I was still buried in boxes and a growing builder “to do” list. While I was twitching to get back on the tennis court, I’d heard about a neighbor who was a strong pickleball player and taught beginners. He agreed to meet and assess my rudimentary skills. Surely I could squeeze in a game or two between chores, I thought. I’d burn a few calories and keep my hand-eye coordination honed. What harm could be done?
Broc assured me that my years of tennis training had prepared me to fit right into our community pickleball scene. “You’ll be mid-pack,” he observed, taking in my ferocious forehand drive coupled with my unfortunate resistance to “dinking,” the game’s tempo-changing, soft finesse shots at net. “Just show up Tuesday, Thursday or Saturday mornings for drop-in games. You’ll be fine,” he added, “but you’ll have to learn to dink.”

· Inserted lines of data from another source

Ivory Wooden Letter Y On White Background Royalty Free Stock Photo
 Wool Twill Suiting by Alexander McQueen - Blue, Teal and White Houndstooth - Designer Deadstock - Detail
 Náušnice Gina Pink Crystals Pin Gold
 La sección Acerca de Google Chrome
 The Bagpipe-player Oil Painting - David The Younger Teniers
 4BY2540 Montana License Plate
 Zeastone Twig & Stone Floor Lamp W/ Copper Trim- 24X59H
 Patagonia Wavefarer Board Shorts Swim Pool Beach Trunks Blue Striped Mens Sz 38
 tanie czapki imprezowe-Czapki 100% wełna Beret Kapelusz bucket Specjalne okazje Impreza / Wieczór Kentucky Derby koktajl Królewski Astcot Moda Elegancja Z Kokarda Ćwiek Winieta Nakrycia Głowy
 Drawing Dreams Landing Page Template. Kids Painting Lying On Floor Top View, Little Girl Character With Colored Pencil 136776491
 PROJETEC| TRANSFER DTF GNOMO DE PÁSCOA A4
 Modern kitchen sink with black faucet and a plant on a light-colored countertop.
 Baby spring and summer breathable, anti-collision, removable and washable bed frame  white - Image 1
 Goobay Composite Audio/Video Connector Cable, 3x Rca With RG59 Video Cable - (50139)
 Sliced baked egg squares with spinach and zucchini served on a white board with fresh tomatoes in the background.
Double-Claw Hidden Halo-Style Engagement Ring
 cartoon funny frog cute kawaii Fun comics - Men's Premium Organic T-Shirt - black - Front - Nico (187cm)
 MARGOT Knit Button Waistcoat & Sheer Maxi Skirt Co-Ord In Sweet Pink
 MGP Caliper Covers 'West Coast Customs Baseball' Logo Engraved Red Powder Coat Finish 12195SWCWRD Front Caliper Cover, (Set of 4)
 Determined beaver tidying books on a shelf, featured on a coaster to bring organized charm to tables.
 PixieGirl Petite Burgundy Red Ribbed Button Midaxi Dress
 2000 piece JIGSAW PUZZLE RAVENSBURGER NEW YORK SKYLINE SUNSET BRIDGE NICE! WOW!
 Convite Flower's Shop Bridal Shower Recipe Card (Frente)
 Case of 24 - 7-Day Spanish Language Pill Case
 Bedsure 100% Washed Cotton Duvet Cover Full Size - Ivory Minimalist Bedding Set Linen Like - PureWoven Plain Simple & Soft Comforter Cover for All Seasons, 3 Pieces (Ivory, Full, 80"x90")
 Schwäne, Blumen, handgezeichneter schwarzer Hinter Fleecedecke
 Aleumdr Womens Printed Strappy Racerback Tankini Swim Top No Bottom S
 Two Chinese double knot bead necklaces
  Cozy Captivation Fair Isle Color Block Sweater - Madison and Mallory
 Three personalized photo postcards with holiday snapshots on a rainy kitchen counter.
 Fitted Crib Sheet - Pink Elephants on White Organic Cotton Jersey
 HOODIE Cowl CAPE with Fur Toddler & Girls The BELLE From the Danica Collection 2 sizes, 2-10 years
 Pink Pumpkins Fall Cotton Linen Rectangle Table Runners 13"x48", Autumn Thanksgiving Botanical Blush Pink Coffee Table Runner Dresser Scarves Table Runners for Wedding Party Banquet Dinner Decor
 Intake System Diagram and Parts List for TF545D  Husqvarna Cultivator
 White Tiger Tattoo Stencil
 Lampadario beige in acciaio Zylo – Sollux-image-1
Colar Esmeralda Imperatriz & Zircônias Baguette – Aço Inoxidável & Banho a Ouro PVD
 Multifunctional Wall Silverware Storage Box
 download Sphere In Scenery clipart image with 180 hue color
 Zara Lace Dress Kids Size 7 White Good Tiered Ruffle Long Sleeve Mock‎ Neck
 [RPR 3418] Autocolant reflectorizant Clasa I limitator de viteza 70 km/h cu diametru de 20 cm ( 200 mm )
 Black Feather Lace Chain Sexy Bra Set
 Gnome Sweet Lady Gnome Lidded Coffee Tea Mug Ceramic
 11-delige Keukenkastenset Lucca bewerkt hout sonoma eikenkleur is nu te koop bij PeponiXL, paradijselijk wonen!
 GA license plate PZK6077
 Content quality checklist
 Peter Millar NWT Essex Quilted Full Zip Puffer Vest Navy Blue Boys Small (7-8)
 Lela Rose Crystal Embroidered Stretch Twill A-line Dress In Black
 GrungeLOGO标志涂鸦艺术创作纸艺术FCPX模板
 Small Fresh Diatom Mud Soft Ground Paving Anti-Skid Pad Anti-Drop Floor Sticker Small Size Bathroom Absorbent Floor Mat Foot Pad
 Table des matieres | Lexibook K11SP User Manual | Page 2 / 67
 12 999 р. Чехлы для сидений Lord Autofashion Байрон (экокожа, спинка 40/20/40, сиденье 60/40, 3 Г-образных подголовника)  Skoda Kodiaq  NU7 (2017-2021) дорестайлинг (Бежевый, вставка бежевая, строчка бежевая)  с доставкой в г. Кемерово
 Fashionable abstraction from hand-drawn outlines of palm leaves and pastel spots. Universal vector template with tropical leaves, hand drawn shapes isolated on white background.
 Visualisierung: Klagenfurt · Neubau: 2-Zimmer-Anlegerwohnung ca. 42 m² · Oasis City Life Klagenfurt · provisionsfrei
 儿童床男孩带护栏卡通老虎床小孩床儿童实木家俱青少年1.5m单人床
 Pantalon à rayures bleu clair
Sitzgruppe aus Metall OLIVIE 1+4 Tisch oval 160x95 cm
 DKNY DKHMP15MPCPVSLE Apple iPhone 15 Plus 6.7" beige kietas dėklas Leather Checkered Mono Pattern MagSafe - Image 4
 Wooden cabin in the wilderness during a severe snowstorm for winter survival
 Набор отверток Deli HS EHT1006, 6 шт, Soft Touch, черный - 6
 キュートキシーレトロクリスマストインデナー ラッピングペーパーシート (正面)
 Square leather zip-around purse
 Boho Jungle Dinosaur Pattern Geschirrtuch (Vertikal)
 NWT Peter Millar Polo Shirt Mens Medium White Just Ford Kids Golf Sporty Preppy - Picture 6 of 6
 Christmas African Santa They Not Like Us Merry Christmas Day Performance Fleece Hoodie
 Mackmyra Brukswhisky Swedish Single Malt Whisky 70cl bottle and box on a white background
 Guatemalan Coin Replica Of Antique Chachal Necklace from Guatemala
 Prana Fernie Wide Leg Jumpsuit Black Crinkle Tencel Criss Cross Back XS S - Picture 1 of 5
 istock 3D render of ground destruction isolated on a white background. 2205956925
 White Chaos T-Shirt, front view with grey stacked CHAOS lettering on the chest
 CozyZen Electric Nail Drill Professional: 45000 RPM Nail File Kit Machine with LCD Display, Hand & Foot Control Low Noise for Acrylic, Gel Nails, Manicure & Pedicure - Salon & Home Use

The next day I tunneled through garment boxes and stacks of books to meet the locals. Greeted warmly by a few dozen paddle-wielding, pickle-obsessed neighbors, I jumped into my first game. By the time it was my serve (0-0-2, whatever that meant), I felt blood coursing through my veins directly to the weapon in my hand.
“Thwack!” My serve landed deep in my opponent’s half of the court. He hit a short return. The ball bounced and I smashed a forehand at my new friend’s ample mid-section. “1-0-2!” my partner crowed, high-fiving me as we swaggered back to the baseline.
It’s now ten weeks post-move. My tennis racquets sit deep in the closet. Untouched. Dusty. Forlorn. The once-annoying pop of the pickleball has become a serenade, luring me five days a week to join my new bevy of besties. I even dink on occasion, although it goes against all my killer tennis instincts.
Will I ever return to my first love or has the passion dimmed forever? After all, nine million people can’t be wrong. Pickleball, America’s fastest-growing sport, has turned this naysayer into an absolute nutjob.